**TASK BRIEF**
Omit all pictures, then repeat the listing exactly.

______

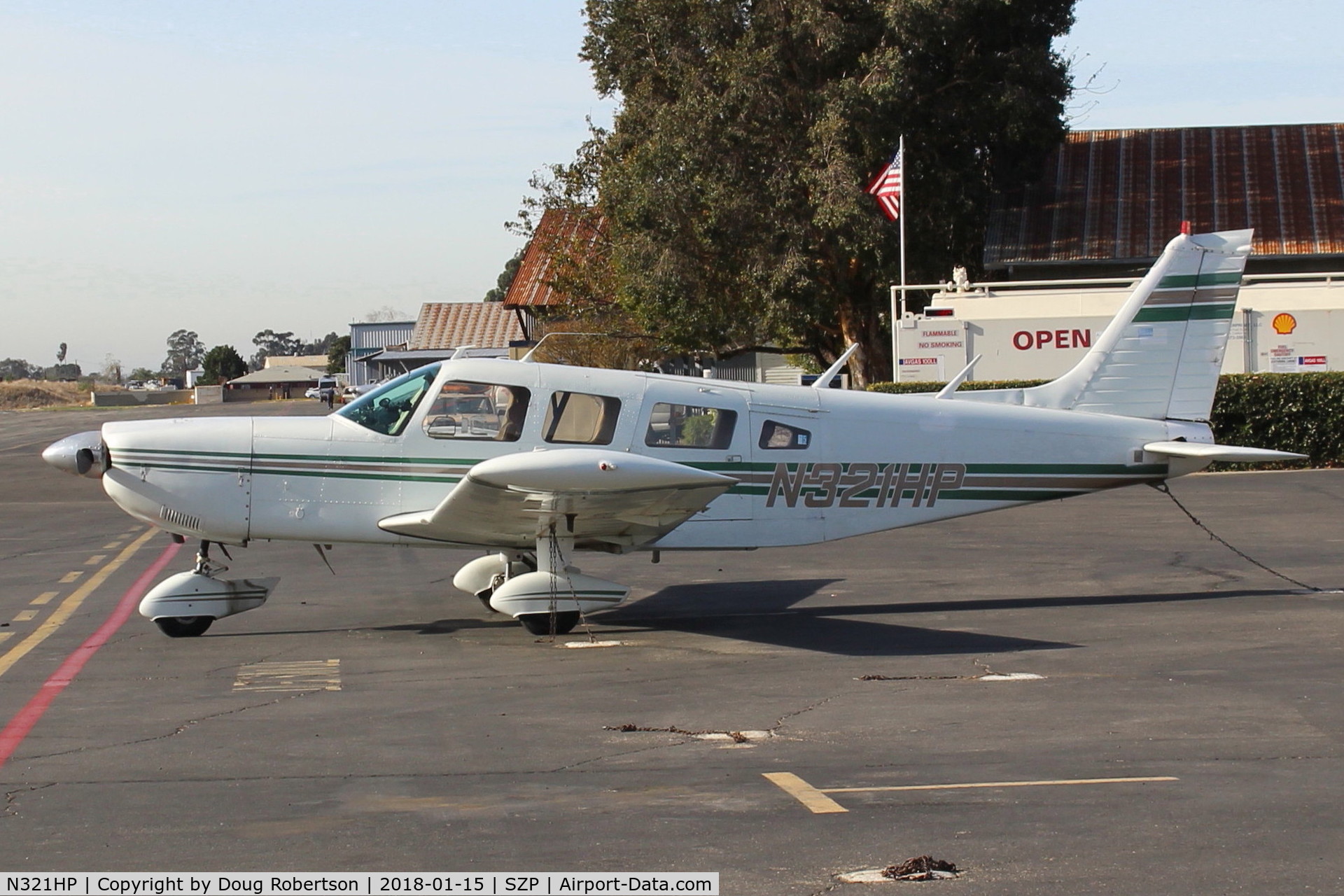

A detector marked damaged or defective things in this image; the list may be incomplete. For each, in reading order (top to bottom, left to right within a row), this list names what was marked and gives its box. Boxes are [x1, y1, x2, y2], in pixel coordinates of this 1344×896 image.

rusty metal roof panel [983, 124, 1344, 268]
rusty metal roof panel [405, 300, 521, 349]
cracked pavement [2, 408, 1344, 896]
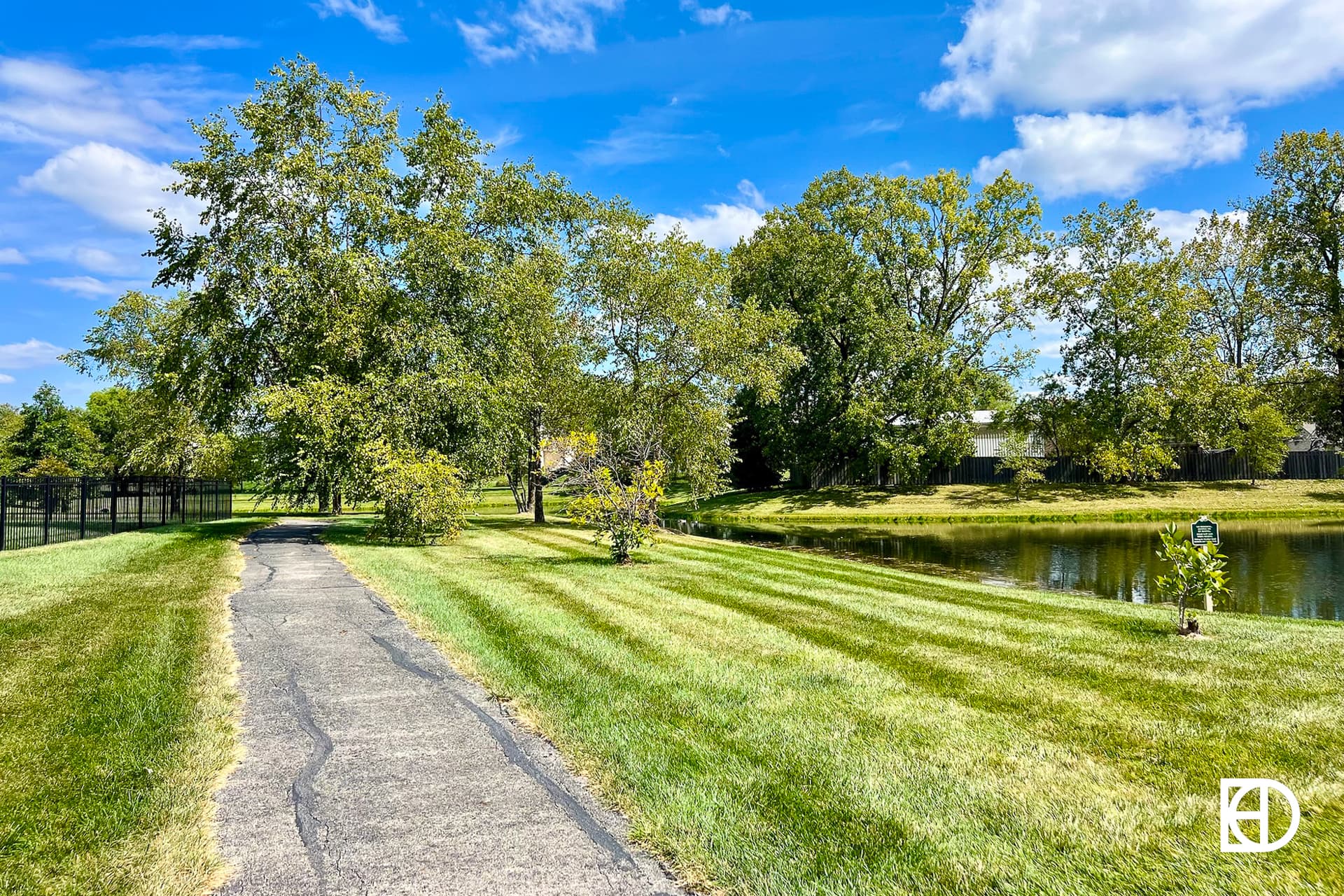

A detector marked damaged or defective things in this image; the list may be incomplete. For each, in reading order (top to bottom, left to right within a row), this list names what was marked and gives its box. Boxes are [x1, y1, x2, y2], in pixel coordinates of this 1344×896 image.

______

**TASK OUTPUT**
A detector marked damaged or defective things in this image; the list may be incomplete. For each, in reading order (top to bottom, left to right within a row), this list names what was marked and gives its box. Boxes are [x1, y1, x2, y2], in pixel coordinates of this 1344×896 image.

rusty metal roof panel [983, 124, 1344, 268]
rusty metal roof panel [405, 300, 521, 349]
cracked pavement [2, 408, 1344, 896]

A detector marked damaged or defective things in this image; the list may be incomplete. For each, in reading order (top to bottom, left to right within a row), this list names what was marked and gives its box. Boxes are [x1, y1, x2, y2], in pixel coordinates of this 1344×896 image.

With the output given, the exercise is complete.